Washington: Republican John McCain on Saturday enlisted the high-profile help of Carly Fiorina, once the most powerful businesswoman in the United States, in a bid to get women behind his campaign for the White House.

Arizona Senator McCain makes no secret of his wish to attract women who backed New York Senator Hillary Clinton's failed presidential bid, regularly praising her and noting their work and travel together as members of the US Senate.

Fiorina, a top economic adviser, empathised with the former first lady's experience when she took questions from across the country during a McCain campaign "virtual town-hall meeting".


She said, "Having started as a secretary and eventually become a chief-executive officer, I not only have great admiration and respect for Hillary Clinton and her candidacy and her leadership, but I also have great empathy, I must tell you, for what she went through."

She added, "I also believe though, if we are striving for a gender-blind, colour-blind society, that we really ought to be focused on the person that we think will make the right judgments, the right decisions and have the right positions."

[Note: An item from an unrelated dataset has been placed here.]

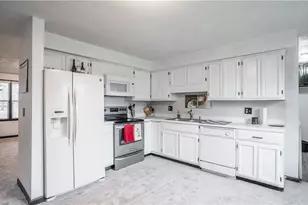 5485 Knollwood Dr, Lewisburg, OH 45338 - Photo 10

That person is John McCain, she said.

The McCain camp hopes to secure the support of independent and Democratic Clinton supporters, some of whom say they will not back the presumptive nominee Illinois Senator Barack Obama.

Texas-born Fiorina has become an increasingly visible advocate for McCain, speaking publicly about his economic positions and ripping into Obama over tax policies and Iraq.

Fiorina became the head of Hewlett-Packard Co. in 1999 and in 2002 oversaw the then-largest merger in the US technology sector when Hewlett-Packard bought rival computer maker Compaq
Computer Corp. The company's poor performance forced her exit as chairman and chief executive in 2005.